Thickness-dependent structural evolution and quantum transport properties of Bi2Se3 thin films grown by thermal evaporation

Abstract

Bismuth selenide (Bi₂Se₃) is a prototypical topological insulator that exhibits robust surface states with spin-momentum locking and high carrier mobility, making it a key material for quantum and spintronic applications. We systematically investigated the thickness-dependent morphological evolution and quantum transport properties of Bi₂Se₃ thin films grown by a two-step thermal evaporation method. Films with thicknesses of 3–80 quintuple layers (QL) were deposited under high vacuum and annealed at 200 °C. Ultrathin films (≤ 9 QL) exhibited island-like discontinuous morphology and high resistance, while thicker films (> 9 QL) formed continuous, c-axis-oriented crystalline layers with enhanced smoothness and conductivity.
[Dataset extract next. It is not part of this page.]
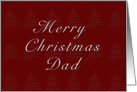 Dad Merry Christmas, Red Background with Christmas Tree card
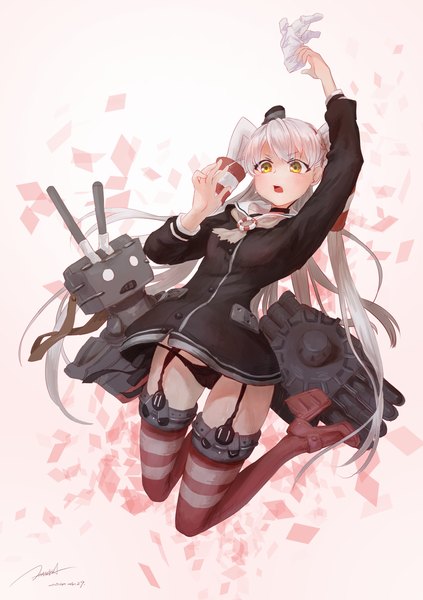 Anime picture 1748x2480 with kantai collection amatsukaze destroyer rensouhou-kun criin long hair tall image blush highres open mouth light erotic signed yellow eyes white hair two side up looking down jumping o o girl thighhighs dress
The highest Raman peak intensity was obtained for the 9-QL film due to enhanced electron-phonon coupling, suggesting that 9 QL is the critical thickness for coherent phonon and carrier behavior. Magnetotransport measurements revealed weak antilocalization at low fields and an increasing contribution from bulk transport channels at high fields in thicker films. These findings provide insights into the nucleation-to-coalescence transition of layered Bi₂Se₃ films and establish 9–40 QL as the optimal thickness range for accessing topological surface transport in quantum devices.